Some Oregon Taco Bell restaurants offer the breakfast menu, but those in Bend, Redmond and La Pine do not at this time. Calls to the Madras store went unanswered.
If the launch goes well, Taco Bell plans to begin selling its breakfast burritos and hash browns in its 5,600 locations nationwide by 2014.
Taco Bell is entering the mad scramble by fast-food heavyweights to compete for the morning on-the-go crowd. Breakfast has become the most important meal of the day for restaurants, accounting for virtually all of the industry’s growth in the past five years.
“Right now we’re not getting our fair share of that,” said Brian Niccol, Taco Bell’s chief marketing and innovation officer. “We want to get our fair share and then some.”

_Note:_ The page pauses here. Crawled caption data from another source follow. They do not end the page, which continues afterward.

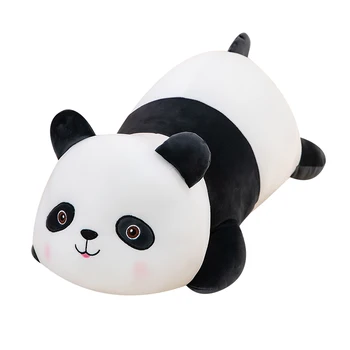 45-80cm Armas Beebi Suur Giant Panda Karu Palus topis Nukk Loomade Mänguasi Padi Cartoon Kawaii Nukud Tüdrukud Väljavalitu Kingitused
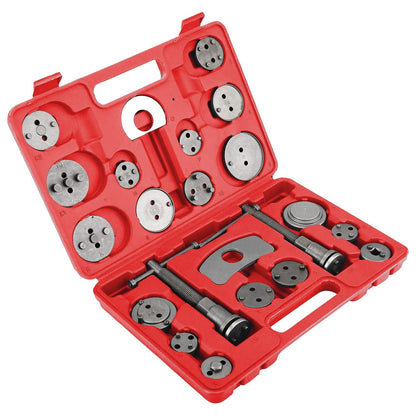 Universal Brake Caliper Reset Tool Set - 22 Pieces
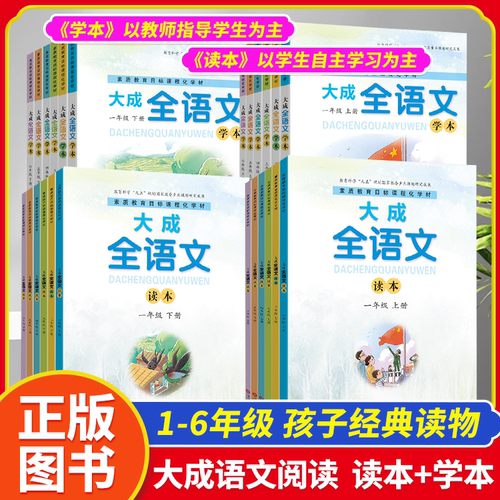 大成全语文戴汝潜小学语文知识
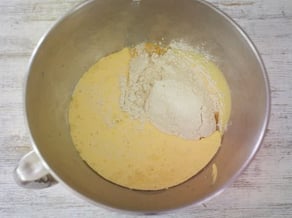 Muffins mit Pinova-Apfel und Mürbeteigcrumble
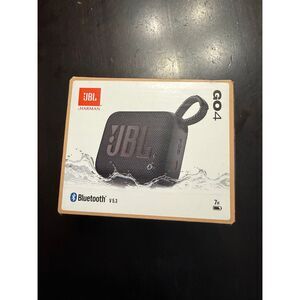 JBL Go 4 - Ultra-Portable, Waterproof and Dustproof Bluetooth Speaker, Big Pro S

Breakfast’s new popularity has a lot to do with the economy. Unemployed people don’t dine out much. Lunch sales, in particular, fall because they’re not grabbing a bite to eat during the workday. And at a time when people are cutting back on discretionary spending, breakfast is a cheaper alternative when eating out than dinner.
Fast-food restaurants have taken notice. Subway started offering breakfast in 2010. Wendy’s is starting to get into the breakfast game, too. And Burger King, Starbucks and McDonald’s in recent years have been expanding their offerings of everything from breakfast sandwiches to oatmeal and smoothies.
Taco Bell is teaming with such popular brands as Johnsonville, Cinnabon, Tropicana and Seattle’s Best for its breakfast menu, which has a price range of 99 cents to $2.79.
Customers can buy the breakfast items in Taco Bell locations in Alaska, Washington, Oregon, California, Arizona, Idaho, Montana, Utah, New Mexico, Nevada and Colorado. A limited number of stores in Texas, Ohio and Oklahoma will also serve breakfast.
Some Taco Bell restaurants already are open around the clock to accommodate the new breakfast offerings. Others will open at least one hour earlier, which means an 8 a.m. or 9 a.m. opening for many. The stores will stop serving breakfast at 11 a.m.
That’s a later start time than most other fast-food chains, but Taco Bell’s 18- to 20-year-old core customers don’t generally wake at the crack of dawn.